■ TASK TO CARRY OUT ■
Print the lines below exactly, beginning with the one that contains "Troya Müzesi 1 yaşında" and stopping after the last line.
++++++++++
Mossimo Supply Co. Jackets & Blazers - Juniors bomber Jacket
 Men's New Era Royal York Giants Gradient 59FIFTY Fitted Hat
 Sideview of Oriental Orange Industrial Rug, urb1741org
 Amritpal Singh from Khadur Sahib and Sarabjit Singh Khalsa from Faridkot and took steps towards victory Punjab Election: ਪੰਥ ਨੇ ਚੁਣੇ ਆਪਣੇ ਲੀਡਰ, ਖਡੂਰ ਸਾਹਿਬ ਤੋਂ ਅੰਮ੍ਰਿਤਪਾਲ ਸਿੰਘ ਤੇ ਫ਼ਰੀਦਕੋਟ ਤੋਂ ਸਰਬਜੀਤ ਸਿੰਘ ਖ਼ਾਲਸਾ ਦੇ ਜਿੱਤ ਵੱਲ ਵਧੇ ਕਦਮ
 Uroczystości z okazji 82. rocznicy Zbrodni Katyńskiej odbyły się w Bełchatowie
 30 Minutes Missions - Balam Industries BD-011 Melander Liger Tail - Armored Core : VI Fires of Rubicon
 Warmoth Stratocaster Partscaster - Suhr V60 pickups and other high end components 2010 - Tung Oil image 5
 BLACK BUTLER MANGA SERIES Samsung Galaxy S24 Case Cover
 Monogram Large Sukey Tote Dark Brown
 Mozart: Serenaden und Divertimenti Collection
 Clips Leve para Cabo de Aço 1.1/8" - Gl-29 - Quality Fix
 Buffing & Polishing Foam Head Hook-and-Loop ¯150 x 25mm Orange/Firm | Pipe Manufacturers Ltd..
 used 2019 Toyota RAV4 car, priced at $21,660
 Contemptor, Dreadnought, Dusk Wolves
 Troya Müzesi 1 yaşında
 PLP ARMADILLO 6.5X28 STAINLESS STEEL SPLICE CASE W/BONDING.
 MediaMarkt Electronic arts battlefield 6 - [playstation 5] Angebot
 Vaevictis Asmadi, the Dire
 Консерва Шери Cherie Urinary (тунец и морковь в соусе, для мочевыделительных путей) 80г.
++++++++++
■ EXERCISE RESULT ■
 Troya Müzesi 1 yaşında
 PLP ARMADILLO 6.5X28 STAINLESS STEEL SPLICE CASE W/BONDING.
 MediaMarkt Electronic arts battlefield 6 - [playstation 5] Angebot
 Vaevictis Asmadi, the Dire
 Консерва Шери Cherie Urinary (тунец и морковь в соусе, для мочевыделительных путей) 80г.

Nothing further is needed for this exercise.